We then visited the present mosque, once the Church of St. John, and walked through the narrow picturesque streets until we reached the home of a worker of the Church Missionary Society, a friend of Miss Newton, very keen and devoted, and very full of a recent visit to a missionary conference at Cairo, where she had met Lady Allenby and other notabilities. Here we rested and had luncheon before beginning our very unique return journey to Haifa. We had noted from Miss Newton's verandah the ribbon of sand running as far as the eye could reach round the Bay of Acre. Along this ribbon, drawn in a carriage to which three strong horses were harnessed abreast, was our route home: a delightful and amusing journey. For two hours we never left the sandy fringe of the bay; the
wheels of one side of our carriage, and the legs of one and sometimes two of our horses were in the Mediterranean. We crossed the mouths of two rivers, the Belus and the Kishon. The horses were perfectly used to it and made no difficulty over it. But the driver of a motor which passed us, with French officers as passengers, was not quite so au fait, and got into some difficulties, not, however, of an insuperable character. But they were enough to show us that some skill and knowledge of local conditions were needed to make this unique specimen of a high road really safe.

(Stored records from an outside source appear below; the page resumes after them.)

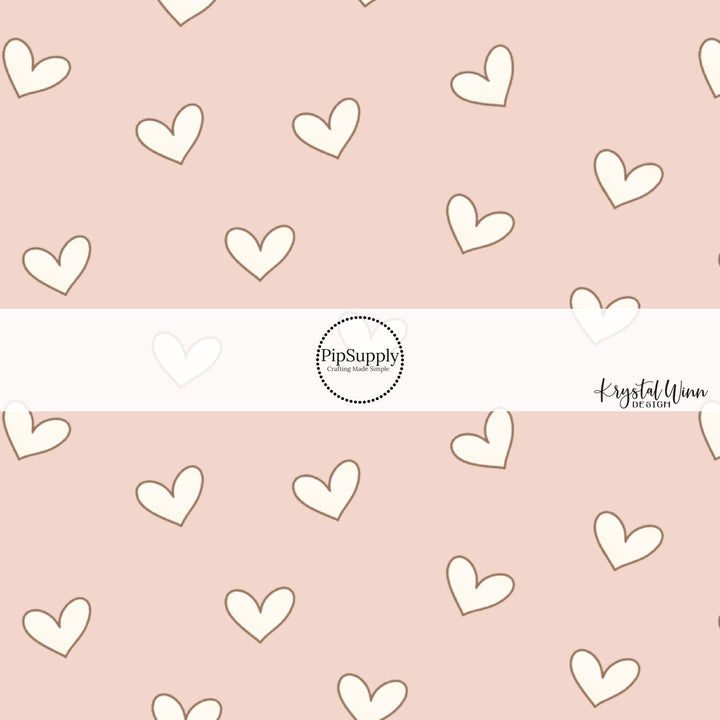 White Scattered Hearts on Pale Pink Valentine's Day Fabric by the Yard.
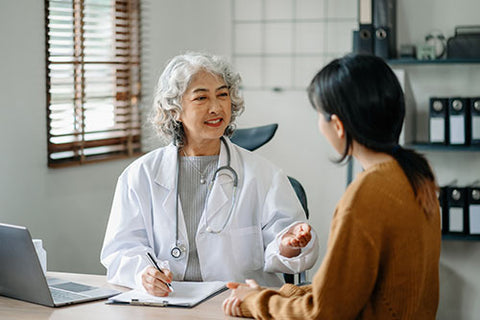 Doctor talking to patient.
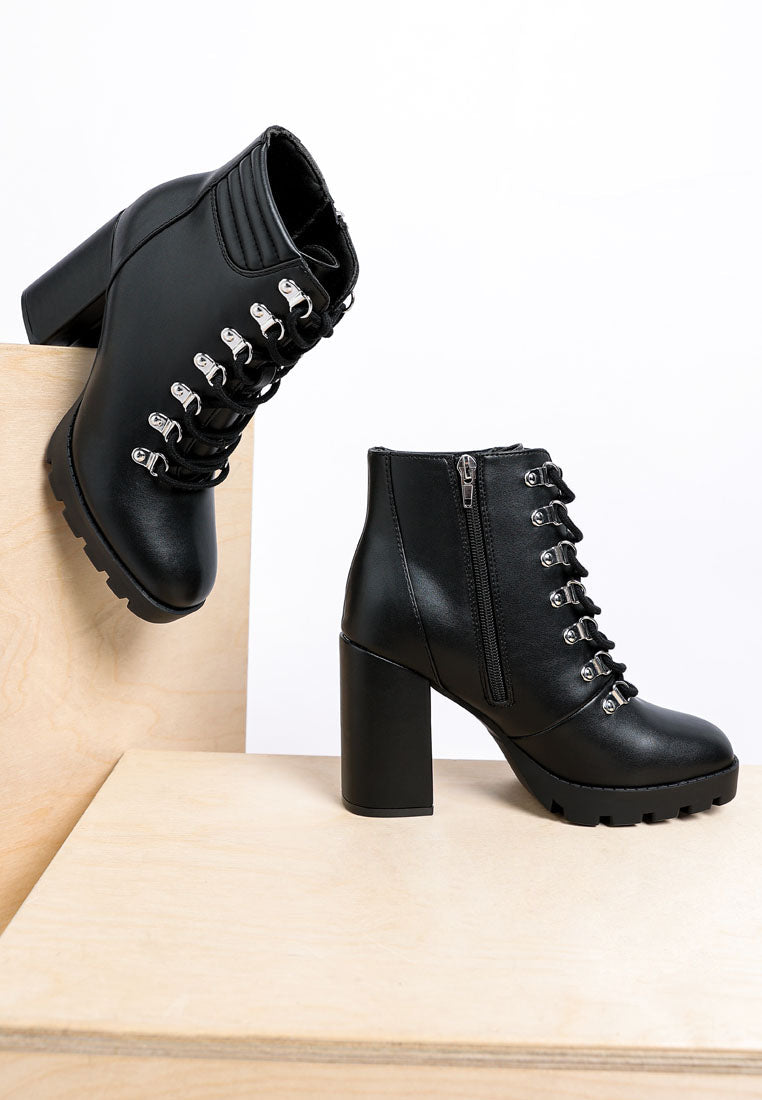 Hamiltons Lace Up Block Heel Boots from London Rag International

I have spoken disrespectfully of the Turkish prisons at Acre; but honesty compels me to confess that the Palestinian prisons at Haifa, under British control, left much to be desired. Miss Newton received a letter on the Sunday afternoon we were with her to say that the women's prison contained no blankets and no kind of bed-clothing of any sort. She immediately arranged to go down and look at it and asked me if I would go with her. When we arrived it was exactly as the writer of the letter had described, only still more bare and desolate. There was nothing in it at all; moreover, there were no separate sanitary arrangements for women; a mud floor and mud walls with a corrugated iron roof formed the prison. There were, however, two good things about it: first, a window easily opened from the inside, from which prisoners recently shut up had escaped (there is much to be said for a cell where there is nothing to prevent a prisoner from opening the window and getting out); secondly, two young police officers who were most anxious to have the prison put on decent lines; they welcomed Miss Newton's visit, and begged her help to get its defects remedied. With all these favourable elements in the problem, the Haifa prisons are fairly certain to be improved out of all recognition in the near future.